Space communication for deep-space missions, inter-satellite data transfer and earth monitoring require high-speed data connectivity. Such systems are increasingly using optical laser beams rather than radio-frequency beams. A key reason for this is that the loss of power as the beam propagates is substantially smaller at light wavelengths, since the beam divergence is then reduced. Nevertheless, light beams will also have substantial loss over long distances. As an example, the power lost when sending a laser beam from the Earth to the Moon (400,000 km) with a 10 cm aperture size will be about 80 dB (i.e. 1 part in 100 million will remain). As the transmitted power is limited, it is of critical importance to have receivers that can recover the information sent with as little received power as possible. This sensitivity is quantified as the minimum number of photons per information bit needed to recover the data without error.
A widely studied approach uses power-efficient pulse position modulation formats along with nanowire-based photon-counting receivers being cooled to only a few Kelvin while operating at speeds below 1 Gbit/s. However, to achieve multi-Gbit/s data-rates that will be required in the future, systems relying on pre-amplified receivers together with advanced signal generation and processing techniques from optical fiber communications are also being considered.
In a new paper published in Light Science & Application, a team of scientists, led by Professor Peter A. Andrekson, has developed a free-space optical transmission system relying on an optical amplifier that does not, in principle, add any excess noise in contrast to all other known optical amplifiers, referred to as a phase-sensitive amplifier (PSA).
In this concept, see figure 1, information is encoded onto a signal wave (green), which along with a pump wave (red) at different frequency generates a conjugated wave (an idler, blue) in a nonlinear medium denoted by . These three waves are launched together into the free space.

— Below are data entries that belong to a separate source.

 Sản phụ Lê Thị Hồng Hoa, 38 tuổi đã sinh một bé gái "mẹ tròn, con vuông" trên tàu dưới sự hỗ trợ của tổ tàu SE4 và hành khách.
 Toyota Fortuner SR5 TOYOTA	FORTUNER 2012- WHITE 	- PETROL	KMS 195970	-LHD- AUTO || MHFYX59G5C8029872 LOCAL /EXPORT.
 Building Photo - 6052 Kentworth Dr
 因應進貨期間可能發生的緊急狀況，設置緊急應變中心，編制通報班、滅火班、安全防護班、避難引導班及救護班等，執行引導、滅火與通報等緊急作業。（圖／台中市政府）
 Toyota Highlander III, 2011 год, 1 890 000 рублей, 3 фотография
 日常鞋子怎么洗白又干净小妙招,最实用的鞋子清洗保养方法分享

At the receiving point, after capturing the light in an optical fiber, the PSA amplifies the signal and idler carrying data using a regenerated pump wave. The amplified signal is then detected in a conventional coherent receiver. This fundamentally result in the best possible sensitivity in any pre-amplified optical receiver.
With this approach, the team demonstrated an unprecedented error-free, "black-box" sensitivity of one photon-per-information-bit at a data rate of 10.5 Gbit/s. With 10 Watts of transmitter power, this receiver would allow for a link loss of 100 dB. The system uses a simple modulation format encoded with a standard forward error correction code and a coherent receiver with digital signal processing for signal recovery. This method is straightforwardly scalable to higher data rates if needed. It also operates at room temperature, allowing this to be implemented in space terminals and not only on the ground.
The theoretical sensitivity limits of this approach is also discussed in the paper and compared to other existing methods. A conclusion is that the above approach is the best possible for a very broad range of data rates.
The scientist summarize the results:
"These results show the viability of this new approach for extending the reach and data rate in long-haul space communication links. It therefore also has the promise to help break through the present-day science data return bottleneck in deep-space missions, which space agencies around the world are suffering from today."